Tentang Kementerian Pendidikan dan Kebudayaan

Rekrutmen Guru Sekolah Indonesia Luar Negeri

Kementerian Pendidikan dan Kebudayaan Republik Indonesia – Kemdikbud merupakan salah satu kementerian dalam Pemerintah Indonesia yang menyelenggarakan urusan di bidang pendidikan anak usia dini, pendidikan dasar, pendidikan menengah, dan pendidikan masyarakat, serta pengelolaan kebudayaan.Kementerian Pendidikan dan Kebudayaan berada di bawah dan bertanggung jawab kepada Presiden. Kementerian Pendidikan dan Kebudayaan dipimpin oleh seorang Menteri Pendidikan dan Kebudayaan (Mendikbud).

Pada prakemerdekaan pendidikan bukan untuk mencerdaskan kaum pribumi, melainkan lebih pada kepentingan kolonial penjajah. Pada bagian ini, semangat menggeloraan ke-Indonesia-an begitu kental sebagai bagian dari membangun identitas diri sebagai bangsa merdeka. Karena itu tidaklah berlebihan jika instruksi menteri saat itu pun berkait dengan upaya memompa semangat perjuangan dengan mewajibkan bagi sekolah untuk mengibarkan sang merah putih setiap hari di halaman sekolah, menyanyikan lagu Indonesia Raya, hingga menghapuskan nyanyian Jepang Kimigayo.

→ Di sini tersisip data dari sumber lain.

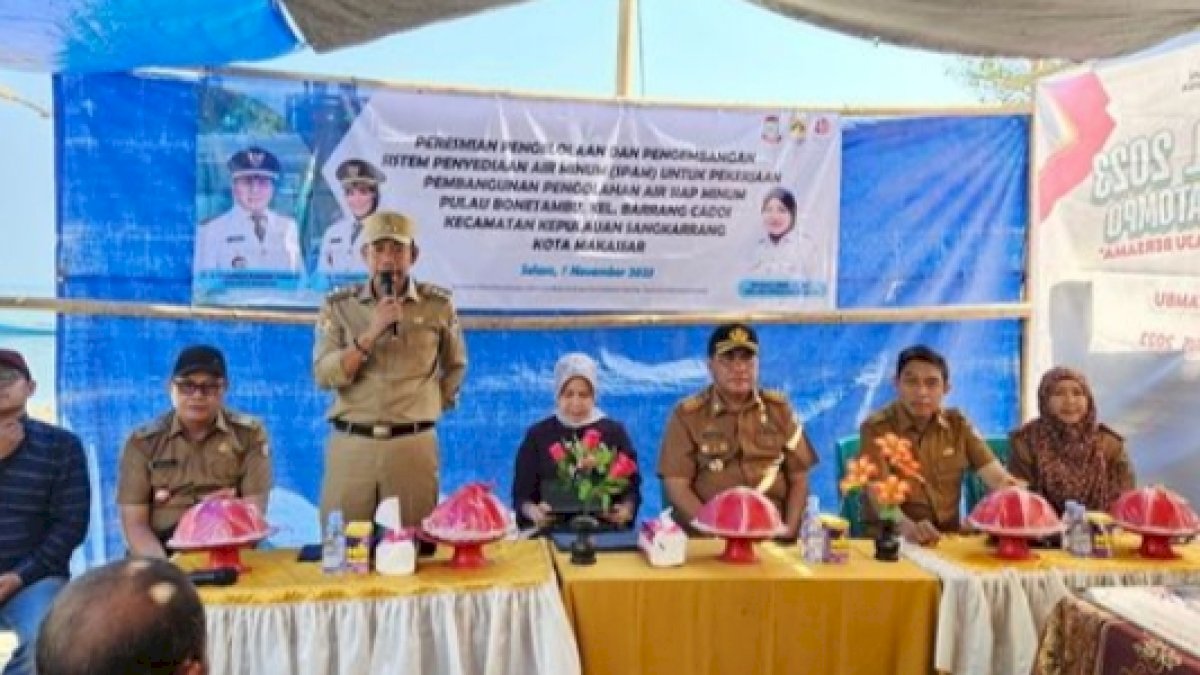 Camat Sangkarrang Hadiri Peresmian Pengelolaan dan Pengembangan SPAM di Pulau Bonetambu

Organisasi kementerian yang saat itu masih bernama Kementerian Pengajaran pun masih sangat sederhana. Tapi kesadaran untuk menyiapkan kurikulum sudah dilakukan. Menteri Pengajaran yang pertama dalam sejarah Republik Indonesia adalah Ki Hadjar Dewantara. Pada Kabinet Syahrir I, Menteri Pengajaran dipercayakan kepada Mr. Mulia. Mr. Mulia melakukan berbagai langkah seperti meneruskan kebijakan menteri sebelumnya di bidang kurikulum berwawasan kebangsaan, memperbaiki sarana dan prasarana pendidikan, serta menambah jumlah pengajar.